U.S. inventory improving but prices still elevated, driven by luxury market

In some good news for consumers and car lots alike, Kelley Blue Book has reported that new-vehicle inventory levels in the U.S. are improving, though prices remain elevated. According to data released today by the Cox Automotive-owned company, the average transaction price (ATP) for a new vehicle in the United States in November 2022 hit a new record high of $48,681. November prices rose 0.9% ($422) month over month from October 2022 and were up 4.4% ($2,250) from year-earlier levels.

“The transaction data from November clearly indicates that prices are showing no signs of coming down as we head into the holiday season,” said Rebecca Rydzewski, research manager of economic and industry insights for Cox Automotive. “The mix of available vehicles still favours more expensive models and higher trim levels. In fact, average MSRP has increased more than average ATP year over year, indicating automakers are still building a richer mix of expensive models and fewer value vehicles.”

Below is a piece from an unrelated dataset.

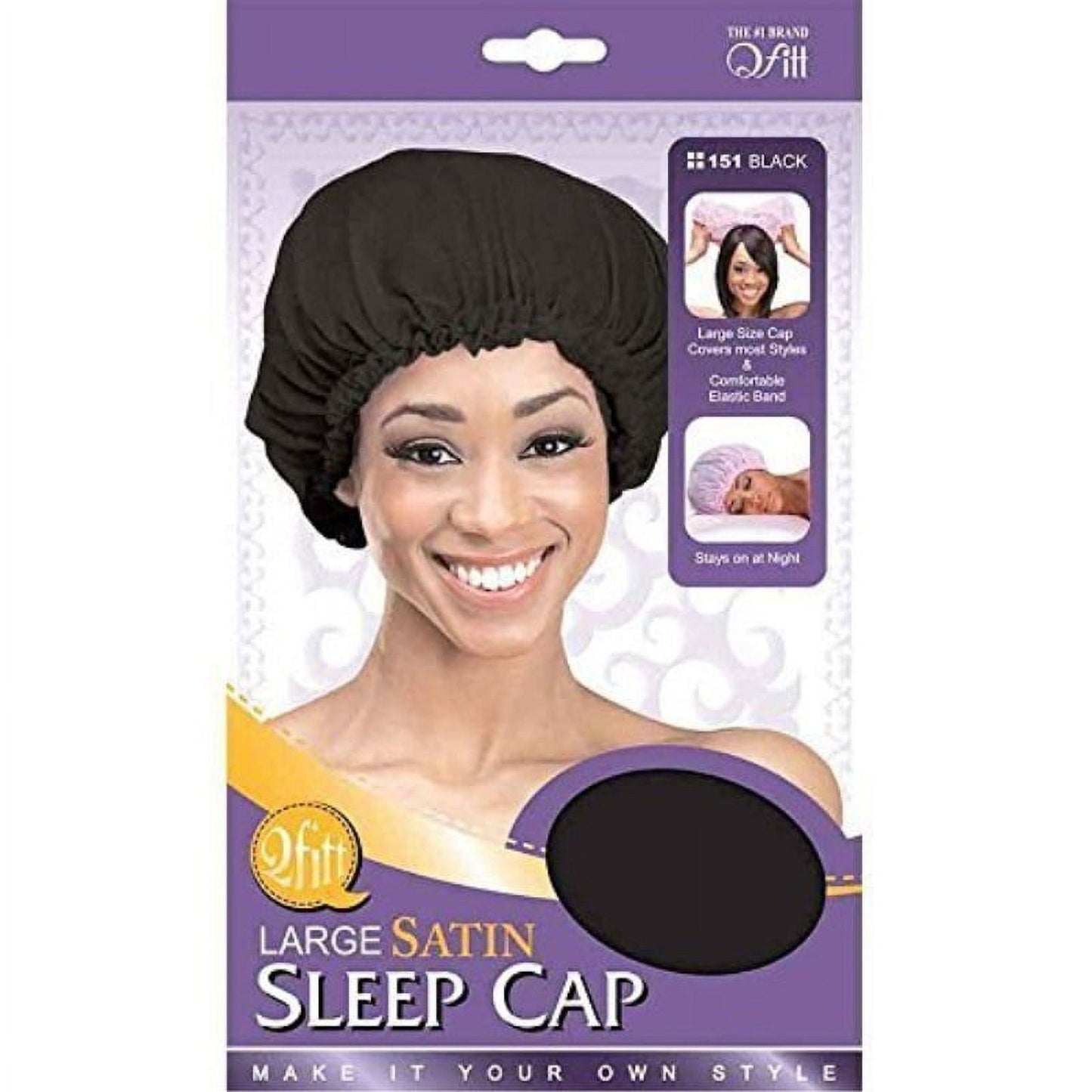 QFitt Â̂€“ Satin Sleep Cap #151 Large Black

According to Kelley Blue Book calculations, new-vehicle ATPs have been higher than the average manufacturer’s suggested retail price (MSRP), also known as the sticker price, since July 2021. Sales volumes in November were up year over year by more than 11%, but down from October. The elevated prices and high loan rates are likely putting downward pressure on sales.

According to Cox Automotive estimates, new-vehicle inventory is steadily improving, though some brands have a noticeably larger supply than others. “Incentives overall are still very low, but consumers who are flexible on make and model may be able to find a good deal at year-end sales events,” added Rydzewski.

Strong luxury vehicle sales have been a primary reason for overall elevated new-vehicle prices. Luxury vehicle share remains historically high, increasing to 18.2% of total sales in November from 17.8% in October. The high share of luxury sales helps to push the overall industry ATP higher. In November 2019, the luxury share of the U.S. market was 16.1%.

The average price paid for a new non-luxury vehicle in the U.S. in November was $44,584—also a record and higher by $330 month-over-month. The previous record high was recorded in August. On average, car shoppers in the non-luxury segment paid $410 above sticker price, a slight increase from October.

Most non-luxury brands had stable pricing or declines in November. Honda and Kia showed the most price strength in the non-luxury market, transacting between six- to eight per cent over sticker price in November. Meanwhile, Buick showed the least price strength, selling two per cent or more below MSRP in November.

The average new EV price was $65,041, according to Kelley Blue Book estimates, well above the industry average and aligning more with luxury prices versus mainstream prices.

Incentives remained stable in November 2022 at 2.2% of the average transaction price. In November 2021, incentives averaged 4.1% of ATP. In November 2019, before the pandemic and when inventory was plentiful, the average incentive package was 10.6% of ATP, according to Kelley Blue Book estimates.